The POMS Vigour scale revealed differences between the groups, supporting hypothesis 4. Specifically and as expected, OSA participants reported the least amount of vigour relative to shift-workers, who in turn reported less vigour relative to controls. Few studies have been conducted examining vigour among OSA patients and shift-workers, however Bardwell et al (1999) found that patients with OSA experienced increased vigour the more they slept. Despite seeming intuitively obvious, this finding supports the notion that when sleep is disturbed, as is the case in OSA patients and shift-workers, vigour is decreased in these populations.

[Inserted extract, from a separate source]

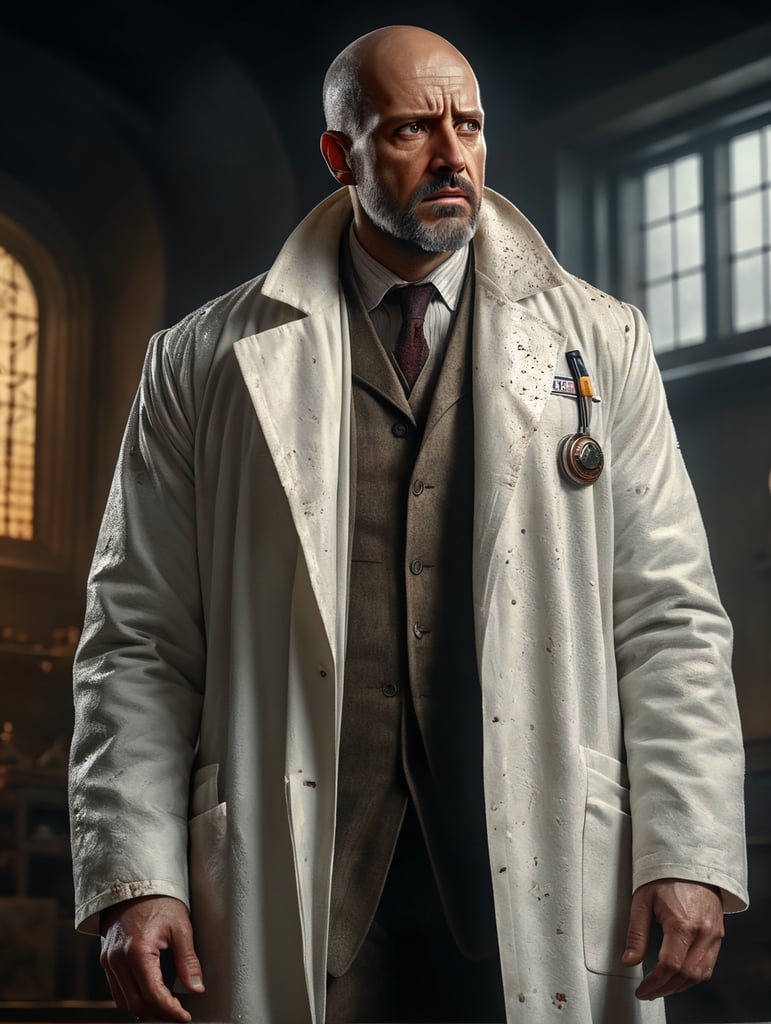 a doctor, thoughtful and worried, with his head up and looking up, wearing a dirty white coat, wide and profile view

Lastly, the Total Mood Disturbance score of the POMS revealed significant differences between the groups, partially supporting hypothesis 4. Contrary to expectation, shift-workers demonstrated a greater total mood disturbance score relative to OSA patients and controls respectively. Orton and Gruzelier (1989) provided support for the findings obtained in the present study, suggesting that deleterious effects in mood occurred after the night-shift across all mood scales of the POMS relative to controls. Given that the shift-workers in the present study participated after their last night-shift, this may have rendered mood disturbances more pronounced. In terms of OSA patients, demographic characteristics revealed that they worked fewer hours relative to shift-workers and that a significant proportion of patients were retired at the time of the study. These factors may function to explain why shift-workers exhibited higher mood disturbance scores on the POMS relative to OSA patients.